## EXERCISE DESCRIPTION
Lines from the one with "09 Richmond Virginia" to the end of the material, both included: print them exactly and print nothing else. Omit the pictures.

## INPUT DATA
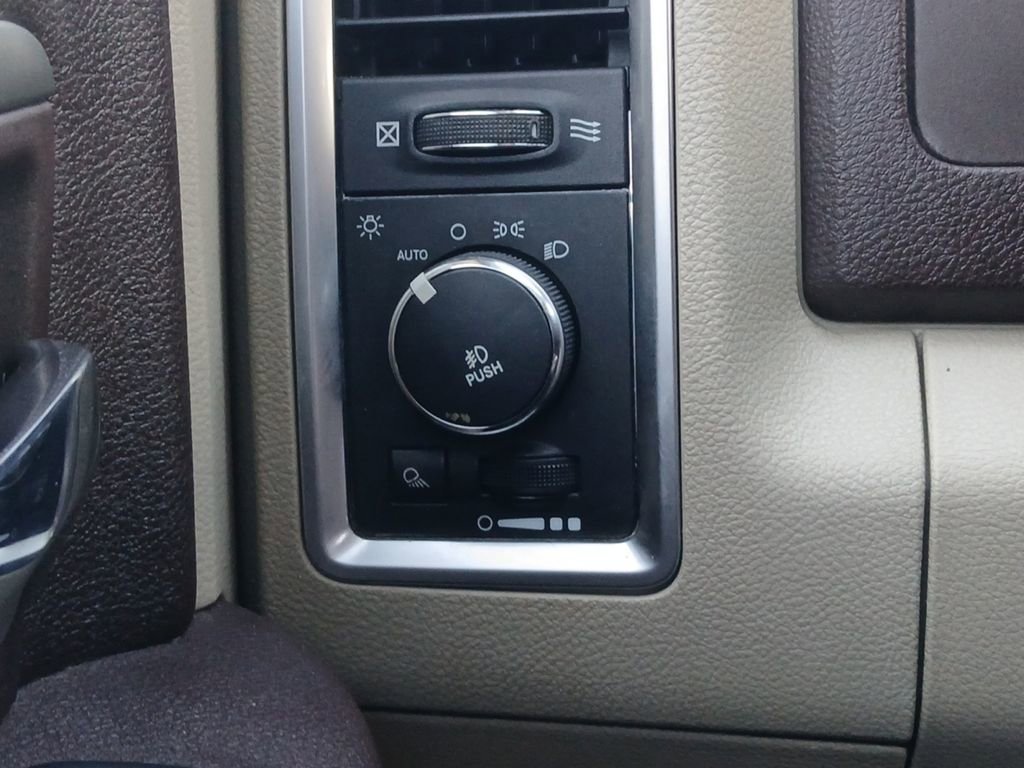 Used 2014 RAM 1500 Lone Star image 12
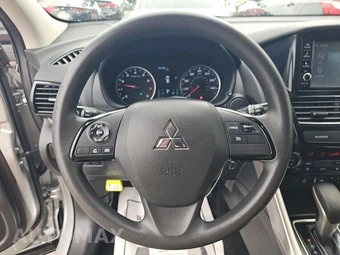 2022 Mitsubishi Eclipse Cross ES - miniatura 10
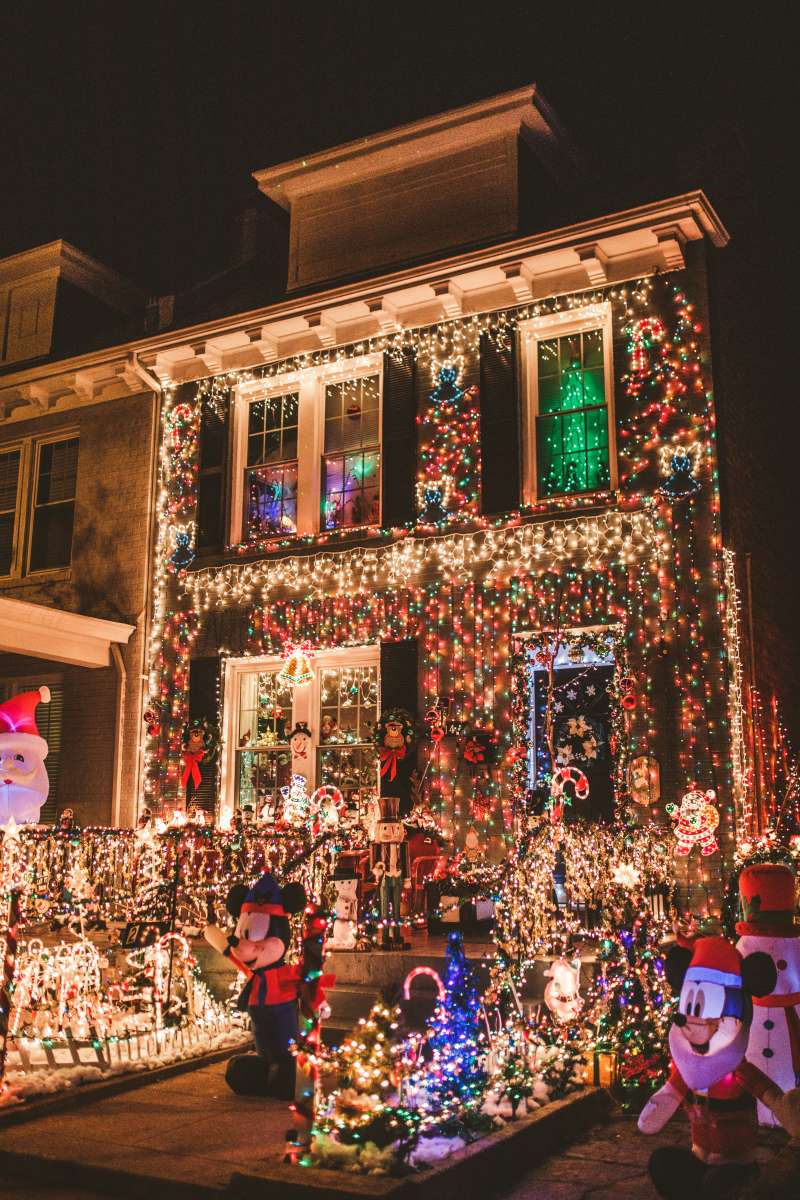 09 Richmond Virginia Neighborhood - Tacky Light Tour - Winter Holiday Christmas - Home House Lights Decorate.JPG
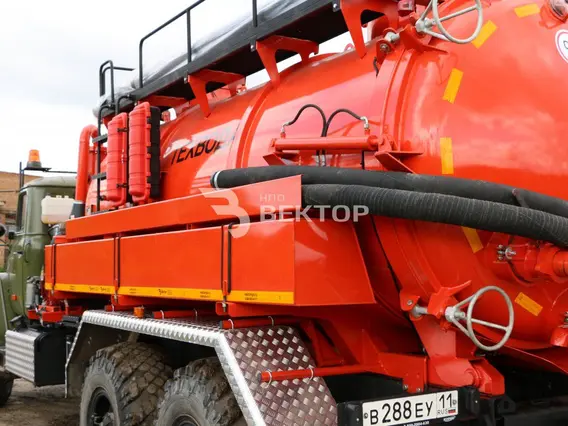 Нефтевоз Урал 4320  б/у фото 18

## ANSWER SPACE
 09 Richmond Virginia Neighborhood - Tacky Light Tour - Winter Holiday Christmas - Home House Lights Decorate.JPG
 Нефтевоз Урал 4320  б/у фото 18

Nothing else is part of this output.